Much of Bird’s 21-year career has come as a surprise, simply because there hasn’t been enough time for someone to accomplish such feats before her. “I honestly didn’t know what to say,” Bird told The New York Times last month, “and I’m really satisfied to be sitting here now with the championships I have.
The Hurricanes drafted her No. 1 overall out of UConn in 2002 before her sixth WNBA season. She immediately became Seattle’s franchise leader in assists, with 191 that year. She finished second for the Rookie of the Year award, but she and the player who beat her—Indiana’s Tamika Catchings—became the first rookies to be named to the All-WNBA first team.
Over the next 20 years, Bird would accumulate honors with the United States, including 13 WNBA All-Star selections and five Olympic gold medals. Last year, she was named to the W25, the WNBA’s top 25 players, as the league celebrated its 25th anniversary.

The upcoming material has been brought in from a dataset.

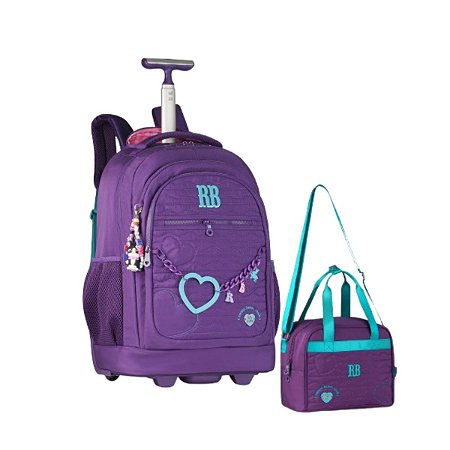 KIT Mochila Carrinho + Lancheira Roxo Rebecca Bonbon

Introducing the W25, WNBA Commissioner Cathy Engelbert said, “These athletes have played the game at the highest level on the court – scorers and rebounders, helpers and defensive backs, leaders and mentors. Together, they have changed the course of the game, changed the attitudes of athletes, become incredible role models, young and “Different athletes have inspired.”

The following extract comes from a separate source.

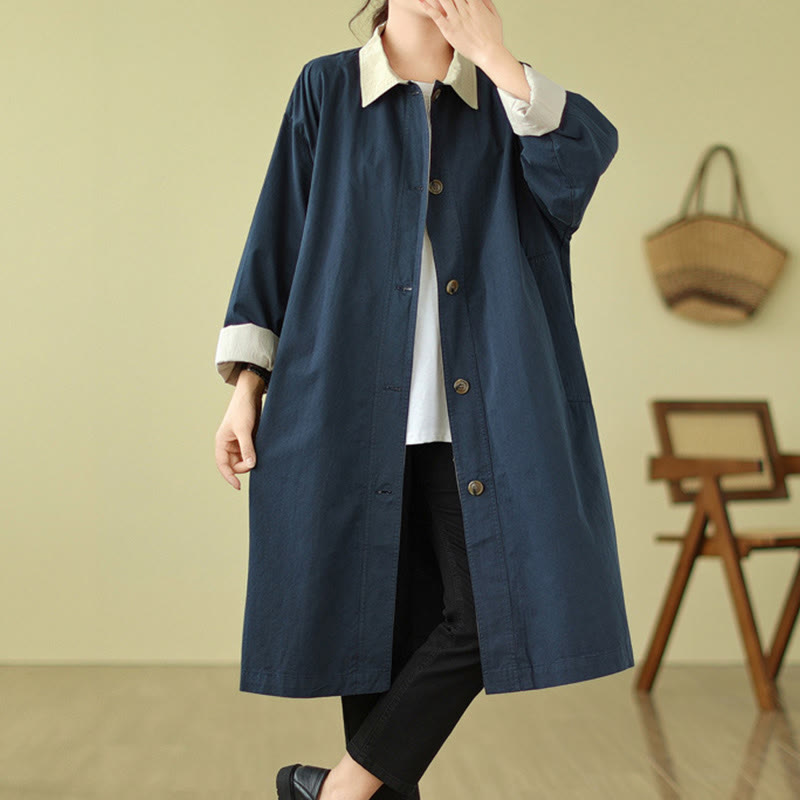 Structured Cotton Stand-Collar Colorblock Meditation Coat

Bird, who starred alongside women’s soccer star Megan Rapinoe, is one of the most visible gay professional athletes. For most of the WNBA’s history, its most famous stars were not openly gay, and players said they felt pressured to conform to heterosexual standards of femininity. But Bird is among a wave of stars — Britney Griner, Simone Augustus, Elena Delle Donne and Diana Taurasi — who have been open about their sexuality and spoken out about LGBTQ rights and acceptance.
Bird has made her platform one of the league’s biggest stars in support of social justice issues, particularly those involving black women. And Bird chimed in as the WNBA continued to push for the release of Griner, who has been held in Russia since February on drug charges.
“We’re all upset about it and we’re looking for her home,” she said at a news conference with Griner’s wife, Cheryl Griner, in July.
Bird-court’s influence extends beyond politics to style. She’s known for her love of sneakers, and her custom Knicks — from NBA star Kyrie Irving’s signature line — have “Keep Sue Fresh” printed on them every night.
But the core of the bird’s legacy is on the court.
“He’s an elite player right there,” said Aces guard Chelsea Gray, who scored 31 points and sparked the Las Vegas victory with Bird’s final game.
Stewart, who had 42 points in Game 4 for Seattle, said knowing it would be her last game with the Bird was more “devastating” than losing.
“That’s what hurts the most,” she said, adding that Bird was a mentor and friend.
“It wasn’t clear how we wanted to finish her,” Hurricanes guard Jewell Lloyd said of the Game 4 loss.
“We are very lucky to be playing with a player of his generation,” added Lloyd.
Even though her body felt better, Bird had no second thoughts about retiring. But she misses basketball.
“There will be no such thing,” she said.
Bird gave fans someone to believe in until the end. Her last point in the WNBA came with 21.8 seconds left on Tuesday and Seattle down by 6. It was reminiscent of the game in Game 3 on Sunday. When the storm was reduced by 1 point, he turned to her. Over two seconds to go. She sank her 3-pointer and grabbed her follower, as her teammates walked around her. Seattle would lose to the Aces in overtime, but this game would be the last of the season.
One more chance to celebrate. One last time with Bird.